Protezione alle barbabietole od allo zucchero?

Tratto da:

Lo scrittoio del Presidente

Data di pubblicazione: 01/01/1956

Protezione alle barbabietole od allo zucchero?

Lo scrittoio del Presidente (1948-1955), Einaudi, Torino, 1956, pp. 184-196

 

 

 

Supponiamo che a Cuba, od in qualche altro paese del mondo dove si produce zucchero di canna, esistano negri od indiani volenterosi di prestare la loro opera gratuita, cibandosi di frutti selvatici naturali o prendendo con le loro mani animali od uccelli pronti a lasciarsi mangiare senza fatica. I lavoratori dei terreni coltivati a canna da zucchero siano cioè disposti a prestare la loro opera senza ricevere alcun salario. D’altro canto i proprietari ed imprenditori dei terreni di canna da zucchero per ipotesi possano essere considerati dei perfetti filantropi, i quali non richiedano alcuna remunerazione per la concessione dell’uso dei loro terreni e del loro lavoro direttivo. Alla pari dei negri lavoratori costoro hanno altri mezzi di sussistenza. Se fanno dei viaggi in Europa ne traggono i mezzi da forzieri colmi di pietre preziose accumulate in passato e destinate a tali fini voluttuari. Si supponga anche che costoro non debbano pagare un centesimo di imposta né a municipi, né allo stato; che non esistano spese di assicurazione sociale o di altra specie. Fatta tale ipotesi è chiaro che la canna da zucchero può essere consegnata da carrettieri – anche essi pronti a non ricevere nulla e che essendo negri vivono di bacche selvatiche ed i loro cavalli pasturano liberamente per le foreste -gratuitamente agli zuccherifici.
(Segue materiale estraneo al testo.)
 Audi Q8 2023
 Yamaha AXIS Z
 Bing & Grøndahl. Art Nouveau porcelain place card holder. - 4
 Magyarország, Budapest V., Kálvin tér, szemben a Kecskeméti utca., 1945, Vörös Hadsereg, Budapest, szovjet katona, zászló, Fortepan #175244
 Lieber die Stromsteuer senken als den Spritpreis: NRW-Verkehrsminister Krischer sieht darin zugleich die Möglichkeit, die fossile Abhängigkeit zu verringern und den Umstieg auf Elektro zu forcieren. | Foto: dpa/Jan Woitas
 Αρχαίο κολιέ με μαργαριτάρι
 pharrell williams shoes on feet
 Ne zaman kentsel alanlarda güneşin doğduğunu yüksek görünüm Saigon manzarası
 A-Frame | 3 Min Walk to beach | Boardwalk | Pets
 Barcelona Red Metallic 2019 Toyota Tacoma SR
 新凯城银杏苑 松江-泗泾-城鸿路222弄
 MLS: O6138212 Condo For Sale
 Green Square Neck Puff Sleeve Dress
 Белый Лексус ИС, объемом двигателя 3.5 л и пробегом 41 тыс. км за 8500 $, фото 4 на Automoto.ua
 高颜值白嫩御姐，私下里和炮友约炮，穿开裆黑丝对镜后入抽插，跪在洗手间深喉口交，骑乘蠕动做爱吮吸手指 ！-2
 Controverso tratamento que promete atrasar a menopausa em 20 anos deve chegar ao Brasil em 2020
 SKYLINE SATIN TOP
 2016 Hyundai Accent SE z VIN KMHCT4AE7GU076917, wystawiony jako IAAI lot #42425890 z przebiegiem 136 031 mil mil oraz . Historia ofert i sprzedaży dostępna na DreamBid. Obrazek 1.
Non mi occupo di quel che accade da quel momento in poi perché devo supporre che i costi della trasformazione della canna da zucchero in zucchero raffinato non siano inferiori ai costi della trasformazione della barbabietola italiana nello stesso zucchero raffinato della medesima qualità. Una ipotesi diversa è assurda essendo inconcepibile che un’industria la quale data dal decreto di Berlino del 21 novembre 1806 con cui Napoleone proclamava il blocco continentale, non abbia saputo fare in questo quasi secolo e mezzo le ossa e abbisogni ancora di protezione. Sarebbe uno scandalo inaudito se ciò accadesse; e tutto ciò che si sa e si intuisce intorno alla condizione finanziaria degli zuccherifici fa ritenere che lo scandalo non ci sia.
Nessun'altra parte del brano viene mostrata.